O zulmedenleri dayanılmaz bir ses sarıverdi de kendi yurtlarında dizüstü çökmüş olarak sabahladılar. Sanki orada hiç refah içinde yaşamamışlar gibi. Haberiniz olsun; Semud (halkı) gerçekten Rablerine (karşı) inkâr etmişlerdi. Haberiniz olsun; Semud (halkına Allah’ın rahmetinden) uzaklık (verildi.) (Hud Suresi, 67-68)
4.yy da Perslerden kaçan nebatiler kendilerine yeni yerleşim yeri olarak Musa vadisini seçerler. Bu vadide Ad kavminin başına gelenlerin kendi başlarına gelmemesi için evlerini kayaları oyarak yaptılar. Bir müddet yaşadılar bu devasa mekanda, sonra bir anda ortadan kayboldular. Ad kavminin başına gelen onlarında başına gelmişti. Putperestlikleri ve Salih (AS) çağrısına kulak asmamaları onların da sonunu hazırlamıştı. Oysaki Ad kavmini çok iyi bilen bir kavimdi ve evlerinde geçmişte yaşanan bir olaydan ders alarak yapmışlardı ama evleri onları koruyamadı.

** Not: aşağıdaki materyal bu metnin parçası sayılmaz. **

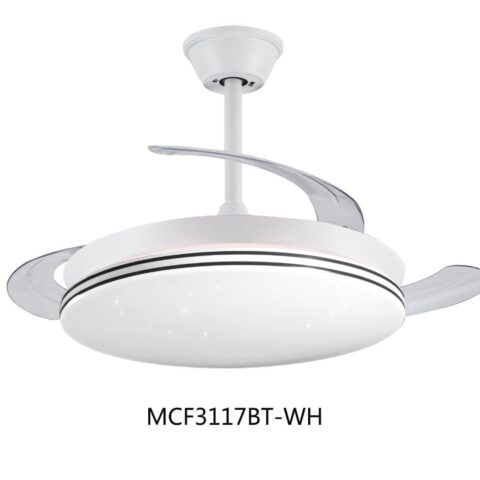 *vell max Chandelier Fan Light with Bluetooth - WH+WWT* - Image 12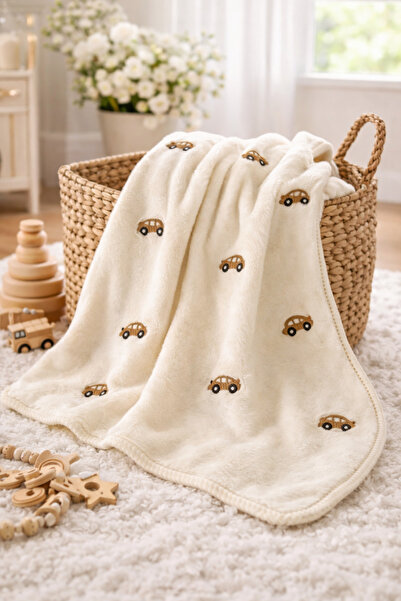 moukou 90X90 Baby Swaddle with Trolley BlanketSi Welsoft Fleece Soft Shepherd...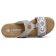 mules deux brides gris argent mode femme printemps été 2025 vue 4
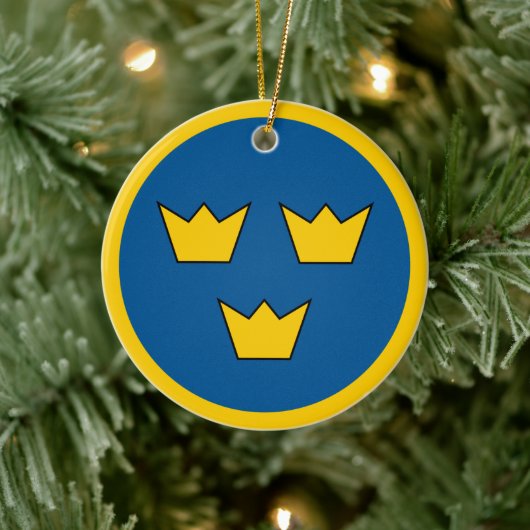 Runde Scheibe Schwedens Keramik Ornament (Baum)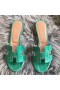Hermes Oasis Sandals In Bamboo Shiny Niloticus Crocodile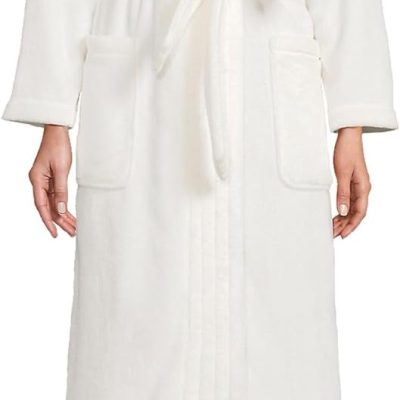 Women's Cozy Plush Long Wrap Robe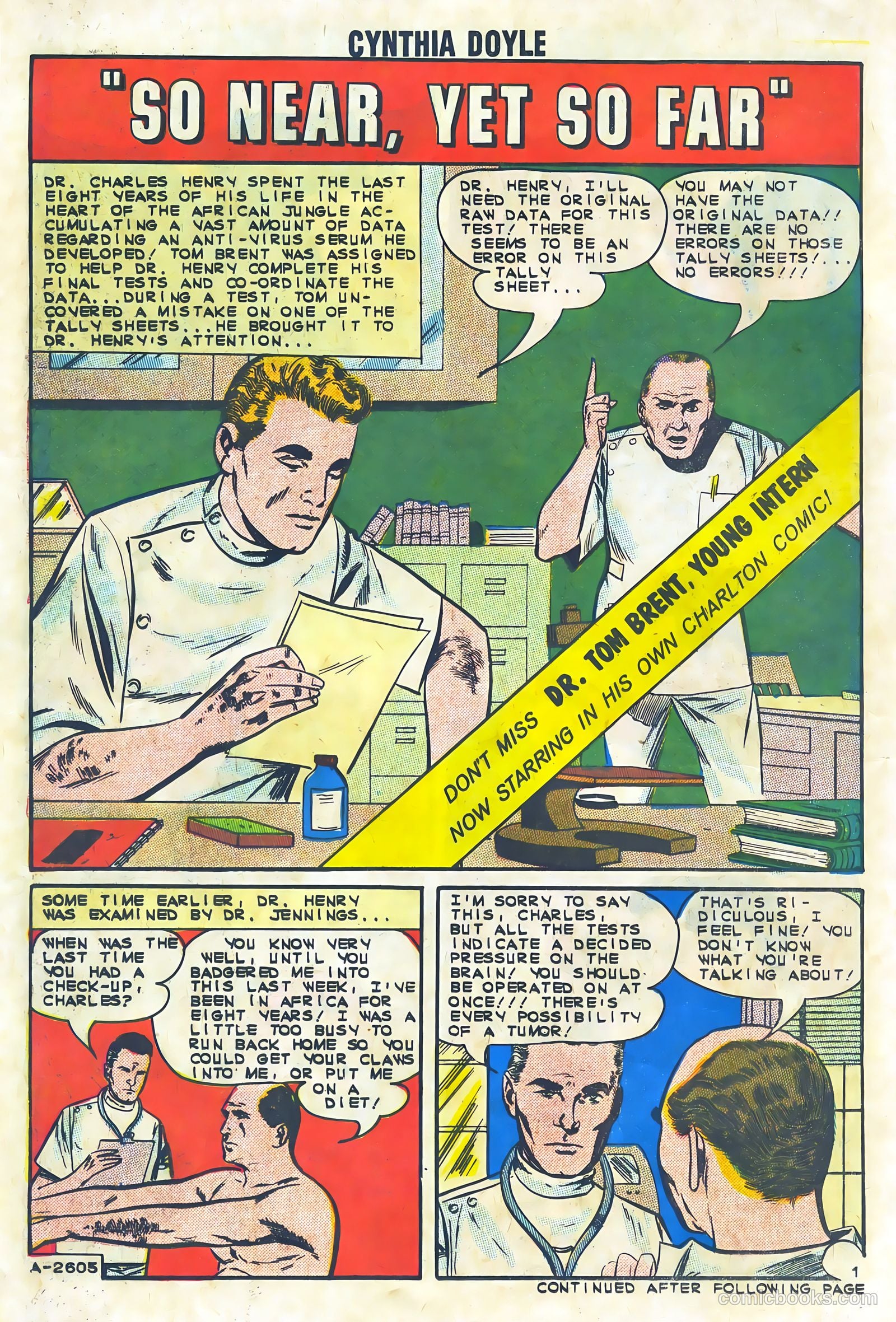 Cynthia Doyle, Nurse in Love #71 (1963) — page 14 of 37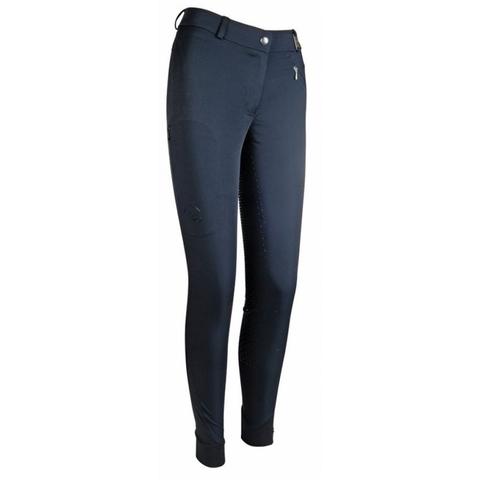 Bryczesy damskie z silikonem HKM Porto Style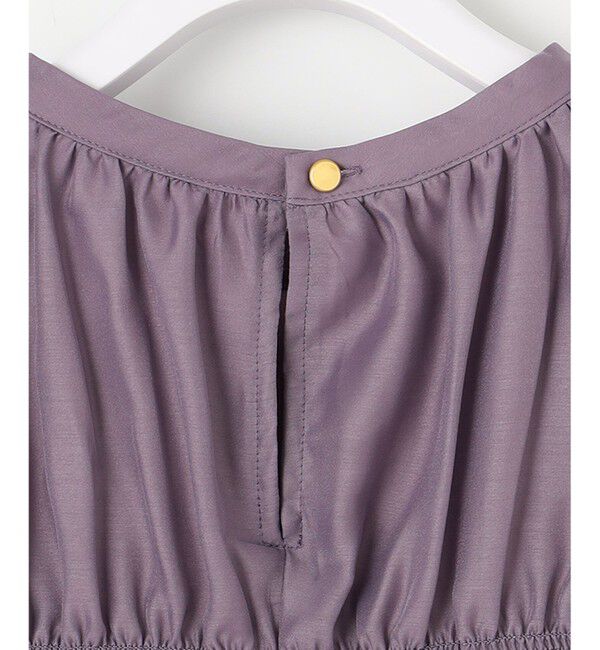 any SiS「【洗える】オーガンジーシャーリング ブラウス」|シャツ・ブラウス|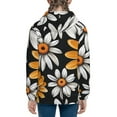 thumbnail image 6 of Pofeuu Yellow White Daisy Pattern Print Teenage Zipper Hoodie Sweatshirts Hooded Casual Jackets With Pocket For Boys Girls-Small, 6 of 6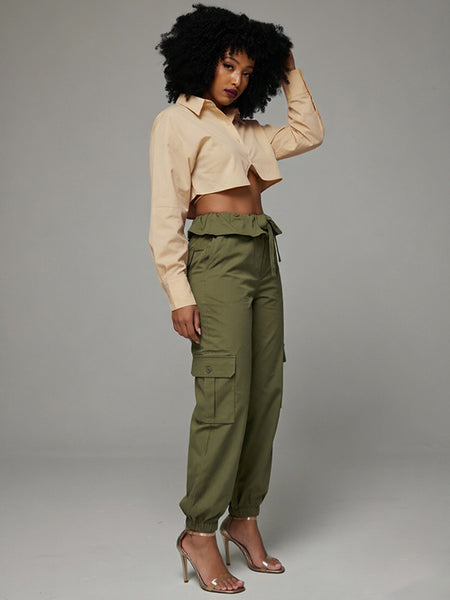 Tied Cargo Pants
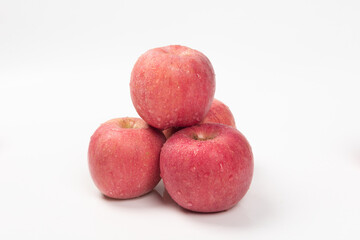 Red apples isolated on white background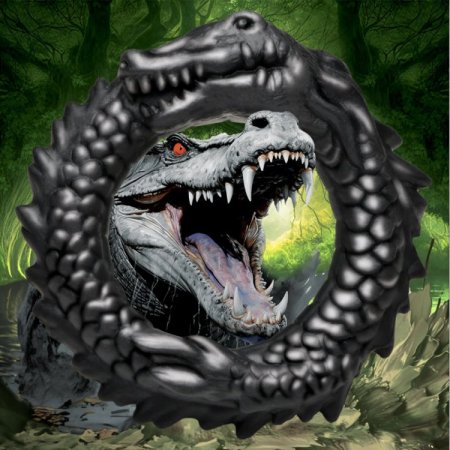 (image for) Black Caiman Silicone Cock Ring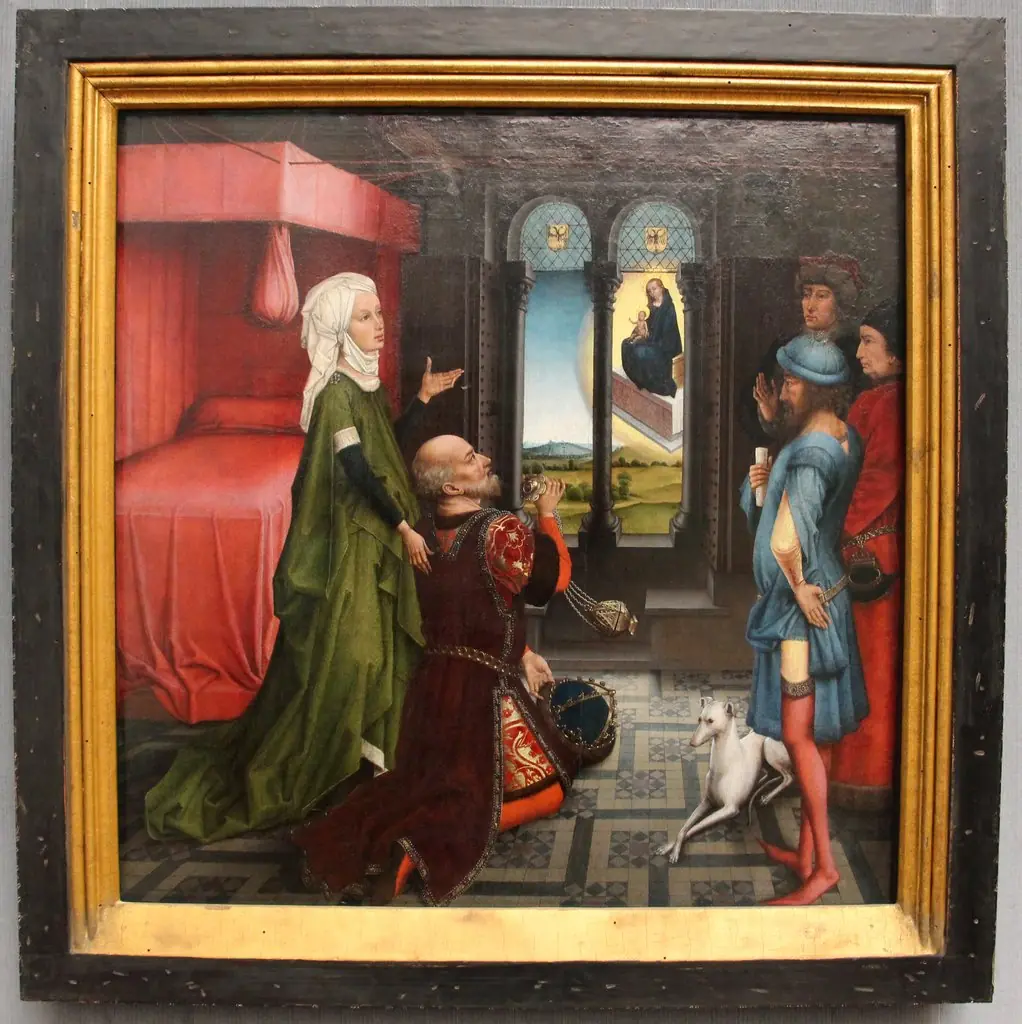 The Annunciation by the Tiburtine sybil to Emperor Augustus; Angel of the Annunciation (verso)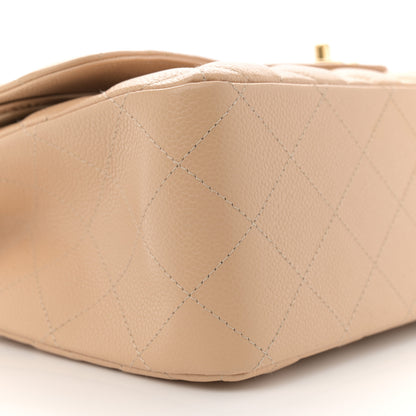 Chanel Caviar Quilted Jumbo Double Flap Beige Clair 9 of 12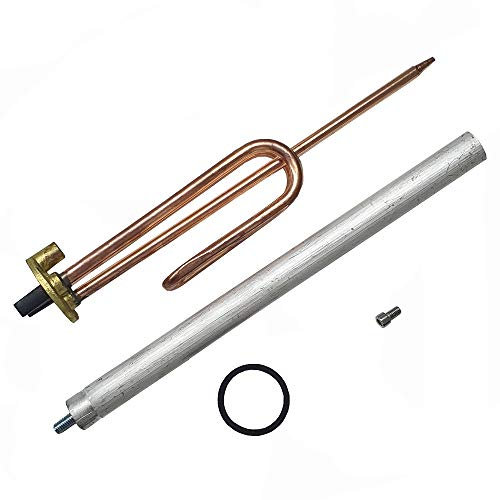 Resistencia curva 1200W + Anodo 22x300 + junta + Tornillo inoxidable termo electrico
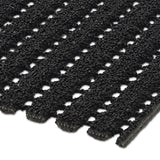 Sicherheitsmatte WINTER STEP Nahaufnahme Mattenlager | Schwarz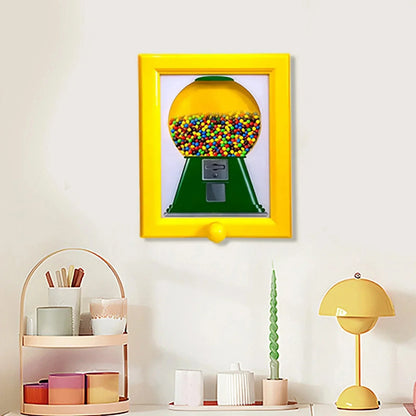Eye Candy Frame Candy Dispenser – Wall-Mounted Gumball Machine for Treats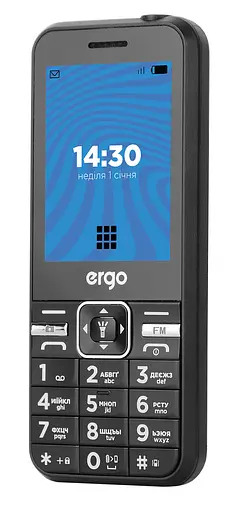 Телефон Ergo E281 Dual Sim Black UA UCRF - фото 3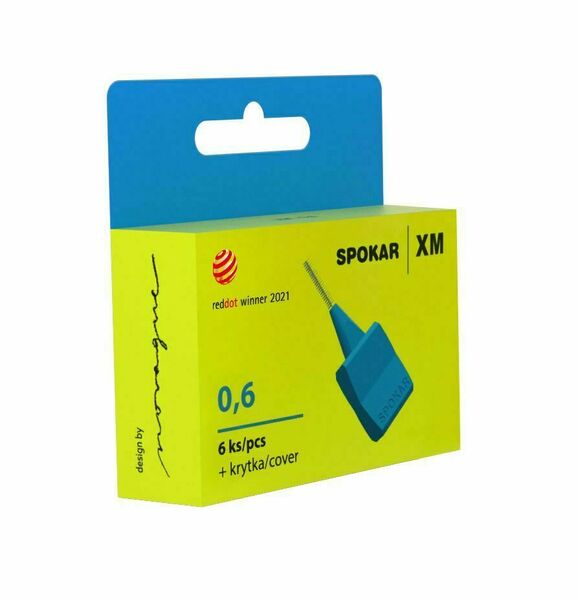 Spokar XM Mezizubní kartáčky modré 0.6 mm 6 ks porovnat ceny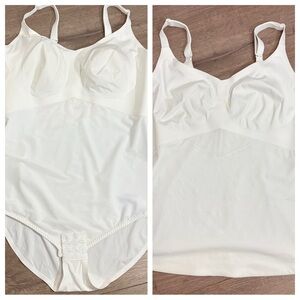 Honeylove 3X White Shapewear Bodysuit Bundle of 2 LiftWear Built-In Bra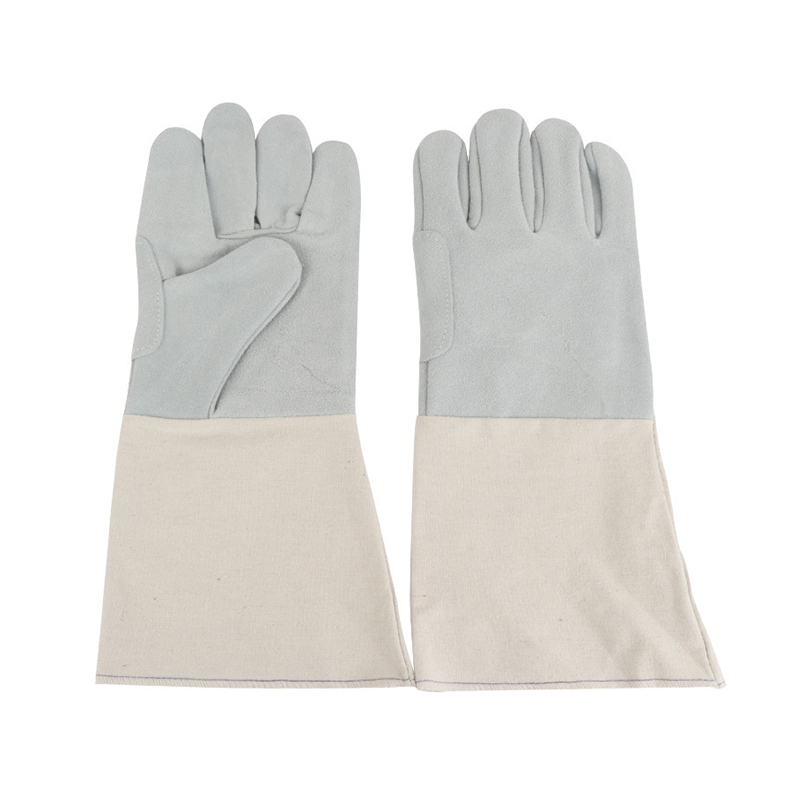 添盾 TD-GL514 电焊手套 牛皮帆布 12双/包 （单位：包）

Peki ne oldu bu kayadan evlere. Onlar evlerini öyle bir yapmışlardı ki yüzyıllarca bozulmadan kalabilirdi ve de öyle oldu.
Mısır’a yolu düşen bir gezgin olan Johan Burckhardt bu şehrin peşine düştü ve buraları tekrar gün yüzüne çıkardı. Ürdün çöllerinde bulunan bu yerde anfi tiyatro, tapınaklar, saraylar ve mezarlar mevcuttur. Bu şehir günümüzde PETRAdiye dillendirilir. Petra şehri bizlere geçmişten haber getiren bir elçidir. Bu şehir, aslında muhteşem güzelliğinin arkasında nice çirkinlikleri barındırır.
HZ. Muhammet (SAV) efendimizin Tebük seferine giderken buradan geçtiği, geçerken de yanındakilere buralarda fazla oyalanmayın hatta buradan su içmemeleri konusunda uyardığı söylenmektedir.